Tower Hamlets is home to Canary Wharf, the centre for the largest banks and financial institutions which continue to retain London’s role as a global economic hub.

Partly due to Canary Wharf’s concentration of high household incomes compared to outside the area, Tower Hamlets has one of the most drastic levels of wealth inequality, a middle class hardly visible.

A Tower Hamlets Local Economic Assessment from 2010 noted: “The very wealthy and the very poor predominate in Tower Hamlets, with little bridging them economically or socially.”

In 2012 and 2013 a Tower Hamlets Fairness Commission recorded that in the borough the poor and the rich live visibly alongside one another.

In 2017 the borough continues to be the most unequal with 8.8 per cent of its residents unemployed and 44 per cent of its children impoverished. The most common household annual income in Tower Hamlets was recently recorded as £17,500 while 17 per cent of the borough has an annual income upwards of £60,000.

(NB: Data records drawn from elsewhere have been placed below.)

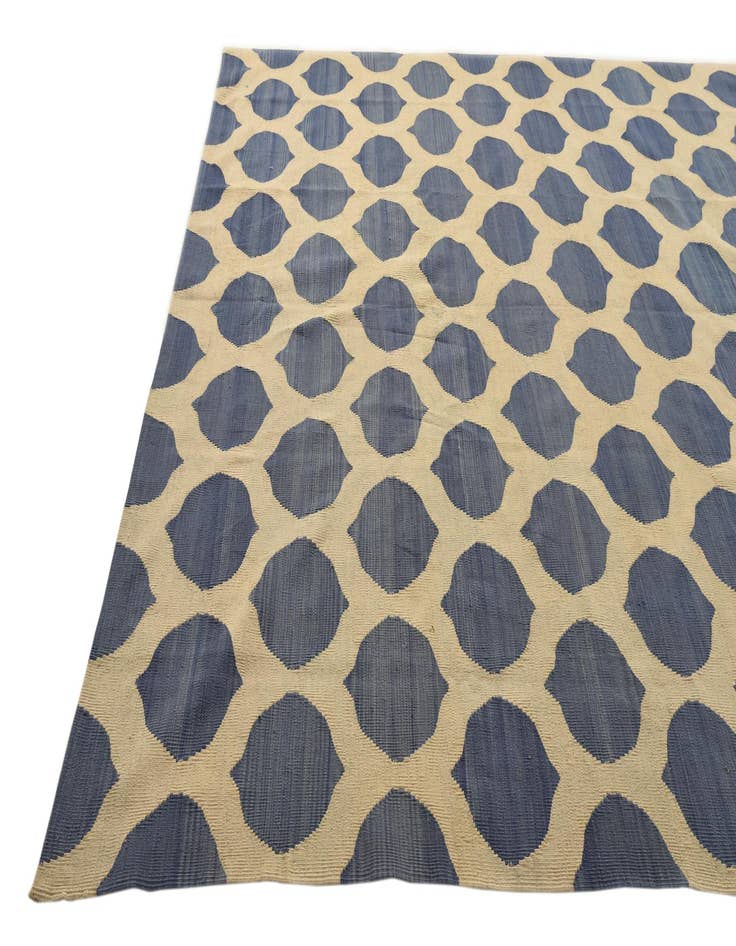 Detail image of 8' 5 x 9' 9  Hand Woven Kilim Modern Wool Rug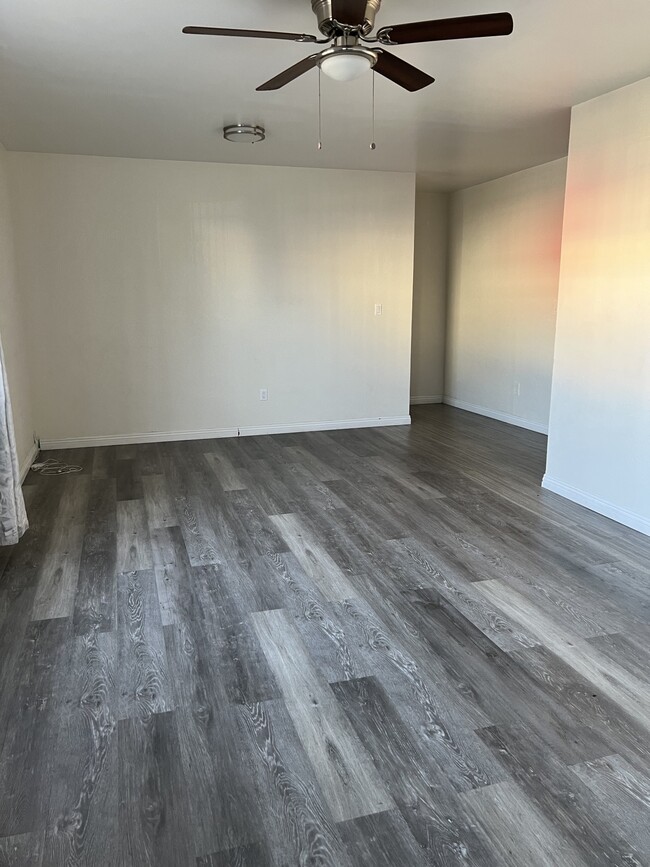 Building Photo - 4417 Avalon Blvd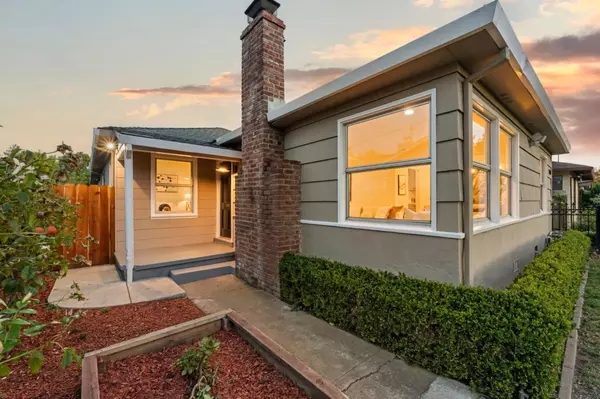 Redwood City, CA 94063,1064 15th AVE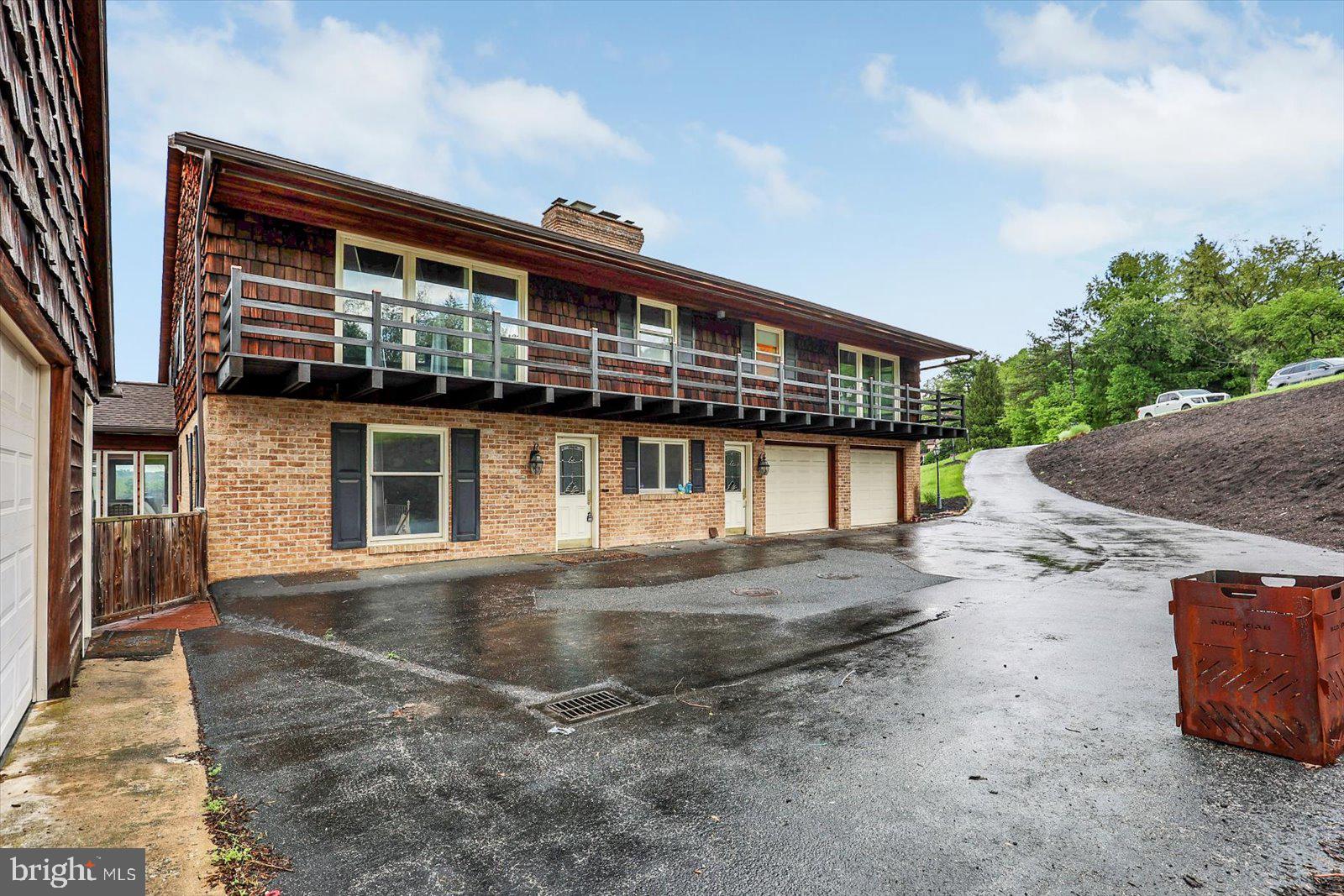 LAUREL TERRACE - Residential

It is said that such a discrepancy in wealth can be detrimental to the way that both the borough and greater London community operates.

 

 

The above visualisation expresses that 48.7 per cent of households in the borough have an income that is less than £30,000 annually while 17 per cent of the borough’s households have an annual income that exceeds £60,000. An equal 17 per cent of households have an annual income of less than £15,000 which is less than half of the median household income in Greater London.

Denise Bentley, the chief executive of First Love Foundation told Eastlondonlines: “Families more than ever before have to choose between staying in the borough and leaving. We don’t see generational unemployment or a lack of money for food, we see people with no income at all who want to work like the people around them in Canary Wharf but who find income barriers insurmountable.”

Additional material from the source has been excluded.